“It was a horror for me to watch his decline, his hopeless battle in the stockade. Because we are so much alike, and because I felt..... I often felt that he made my mistakes for me. That I learned, and survived, only because of him. Many is the time that my own temper was about to explode, to my injury, and possible undoing.... But it was always James who struck the guard first, or raised his voice in anger at the outrage we all felt, but lacked the courage to act upon.

“It is a terrible thing to think that he died for that courage, and that because of my cowardice I live. Seeing the black end to which we must all come, still I shunned the fight. After the first year..... I only turned the other cheek, again and again. I told myself that I had to survive, just keep trying and hoping. But survival becomes a poor excuse, when pride is lost.

“It will be many years,” he concluded, “before I can look myself in the face when I think of James Talbert.”

“Why?” she asked, in deepest earnest. “Because you desired life instead of death? Because you saw the futility of resistance, and chose not to follow him into the grave? For I tell you now, and from the bottom of my heart, that if you had not lived, and come back to me. . .my own sorry tale could not have gone much further.

“And what of your mother? Do you have any idea what her life has been like, without you? I will never understand. Why do men call it a virtue to die, to leave bereft the ones they love, and a weakness to return to them, and give meaning and substance to their lives?

“Perhaps that is unfair,” she continued. “I have seen in the years of your absence just how bitter, how unanswerable sorrow can be. And I know that nothing is ever that simple. I only want you to know that this pain, this scar, I understand as well as you. I have felt the same remorse, the same bludgeoning sense of guilt. Until tonight.
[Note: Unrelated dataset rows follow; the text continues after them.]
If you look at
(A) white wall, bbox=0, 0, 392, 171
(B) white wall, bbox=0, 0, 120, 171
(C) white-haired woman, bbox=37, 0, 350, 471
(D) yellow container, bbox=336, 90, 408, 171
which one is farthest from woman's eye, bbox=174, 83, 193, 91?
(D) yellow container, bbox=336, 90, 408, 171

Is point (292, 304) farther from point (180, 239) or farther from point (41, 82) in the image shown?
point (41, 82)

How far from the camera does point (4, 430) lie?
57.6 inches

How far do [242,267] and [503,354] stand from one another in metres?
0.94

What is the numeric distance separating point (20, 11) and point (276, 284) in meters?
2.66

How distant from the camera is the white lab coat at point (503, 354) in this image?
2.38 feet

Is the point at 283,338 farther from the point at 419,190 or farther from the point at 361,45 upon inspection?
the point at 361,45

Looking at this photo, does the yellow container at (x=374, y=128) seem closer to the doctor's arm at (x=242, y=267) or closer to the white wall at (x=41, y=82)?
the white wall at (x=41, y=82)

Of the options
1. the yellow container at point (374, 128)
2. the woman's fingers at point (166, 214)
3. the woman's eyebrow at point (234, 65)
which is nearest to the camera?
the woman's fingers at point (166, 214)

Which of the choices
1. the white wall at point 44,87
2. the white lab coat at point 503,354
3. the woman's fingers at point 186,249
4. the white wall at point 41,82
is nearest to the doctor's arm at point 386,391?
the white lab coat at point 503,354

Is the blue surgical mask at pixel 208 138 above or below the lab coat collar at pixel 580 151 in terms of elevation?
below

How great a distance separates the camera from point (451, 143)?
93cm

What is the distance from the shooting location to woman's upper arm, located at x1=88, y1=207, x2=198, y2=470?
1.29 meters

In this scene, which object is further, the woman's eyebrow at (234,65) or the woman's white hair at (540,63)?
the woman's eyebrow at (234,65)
“Do you know what he said to me, as he lay dying in my arms? ‘You have given my death meaning.’ He performed that last act of heroism, Michael. He may have saved my life.” Her voice faltered. “And if what you say is true, then he also helped deliver my love from the depths of the darkness. And to me, his name shall always be thrice blessed.
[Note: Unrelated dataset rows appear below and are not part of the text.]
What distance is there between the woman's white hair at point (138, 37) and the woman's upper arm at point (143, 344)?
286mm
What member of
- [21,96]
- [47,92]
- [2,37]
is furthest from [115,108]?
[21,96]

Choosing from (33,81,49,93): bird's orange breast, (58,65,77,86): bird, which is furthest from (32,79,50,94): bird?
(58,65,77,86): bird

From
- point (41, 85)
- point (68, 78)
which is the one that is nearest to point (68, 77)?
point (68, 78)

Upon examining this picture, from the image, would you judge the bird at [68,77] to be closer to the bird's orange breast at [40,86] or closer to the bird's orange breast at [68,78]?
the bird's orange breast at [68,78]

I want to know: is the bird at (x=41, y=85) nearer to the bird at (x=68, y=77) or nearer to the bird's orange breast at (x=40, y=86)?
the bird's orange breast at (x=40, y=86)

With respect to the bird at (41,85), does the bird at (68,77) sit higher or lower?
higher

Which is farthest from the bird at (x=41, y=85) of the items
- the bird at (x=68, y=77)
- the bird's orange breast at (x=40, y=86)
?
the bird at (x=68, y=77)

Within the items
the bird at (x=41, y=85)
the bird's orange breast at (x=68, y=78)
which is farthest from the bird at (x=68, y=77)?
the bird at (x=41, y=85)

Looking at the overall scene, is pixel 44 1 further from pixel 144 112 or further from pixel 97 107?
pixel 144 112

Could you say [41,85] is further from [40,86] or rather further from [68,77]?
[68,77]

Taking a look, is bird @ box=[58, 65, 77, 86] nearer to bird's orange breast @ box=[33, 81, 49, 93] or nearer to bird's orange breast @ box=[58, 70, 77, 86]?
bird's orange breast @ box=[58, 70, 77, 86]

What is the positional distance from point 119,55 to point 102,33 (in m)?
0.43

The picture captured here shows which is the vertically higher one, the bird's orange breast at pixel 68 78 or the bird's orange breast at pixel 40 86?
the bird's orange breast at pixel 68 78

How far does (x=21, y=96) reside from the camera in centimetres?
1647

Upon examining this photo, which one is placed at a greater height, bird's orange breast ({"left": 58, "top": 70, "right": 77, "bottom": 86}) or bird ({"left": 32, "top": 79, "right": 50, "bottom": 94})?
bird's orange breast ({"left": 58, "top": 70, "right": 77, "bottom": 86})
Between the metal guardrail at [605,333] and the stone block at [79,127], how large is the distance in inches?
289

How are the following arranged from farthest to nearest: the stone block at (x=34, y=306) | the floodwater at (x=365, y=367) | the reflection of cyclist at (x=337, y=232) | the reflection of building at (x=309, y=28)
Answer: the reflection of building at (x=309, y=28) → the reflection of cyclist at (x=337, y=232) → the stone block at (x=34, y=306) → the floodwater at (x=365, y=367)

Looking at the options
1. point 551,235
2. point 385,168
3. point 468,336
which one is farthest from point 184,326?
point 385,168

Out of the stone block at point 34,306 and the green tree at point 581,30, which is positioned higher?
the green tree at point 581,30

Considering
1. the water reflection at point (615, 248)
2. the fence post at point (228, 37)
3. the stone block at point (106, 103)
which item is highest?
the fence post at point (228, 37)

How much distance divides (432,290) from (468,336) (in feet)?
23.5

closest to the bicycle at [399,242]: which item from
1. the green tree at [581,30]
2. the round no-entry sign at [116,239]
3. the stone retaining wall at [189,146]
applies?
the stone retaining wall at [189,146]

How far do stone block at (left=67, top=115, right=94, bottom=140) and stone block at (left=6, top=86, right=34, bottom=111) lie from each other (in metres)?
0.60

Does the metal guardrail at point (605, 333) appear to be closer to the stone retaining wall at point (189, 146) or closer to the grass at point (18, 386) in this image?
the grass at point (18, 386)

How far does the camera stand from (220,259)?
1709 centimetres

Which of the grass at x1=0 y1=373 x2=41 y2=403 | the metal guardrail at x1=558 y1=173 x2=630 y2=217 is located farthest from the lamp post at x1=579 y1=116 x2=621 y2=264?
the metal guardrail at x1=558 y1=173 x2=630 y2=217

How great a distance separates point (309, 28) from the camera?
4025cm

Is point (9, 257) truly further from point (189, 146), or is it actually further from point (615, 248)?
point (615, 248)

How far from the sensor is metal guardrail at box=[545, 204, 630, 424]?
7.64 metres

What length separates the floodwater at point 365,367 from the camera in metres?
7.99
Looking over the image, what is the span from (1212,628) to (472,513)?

“Hold me, Michael, please. Don’t ever let me go. Dear God!”

“My only love, I promise you that. With all my soul, I promise you that.”

They put aside all further talk until the morning, and made their bed together for the first time. Michael was too ill, and she herself too weary, to make love. And without any words this was understood between them. They found joy and solace instead in the slow, gentle caress many lovers never feel, because they do not first feel love. Their passion would come when the skies above them were less dark, and when the fruit was ripe on the tree. Not before.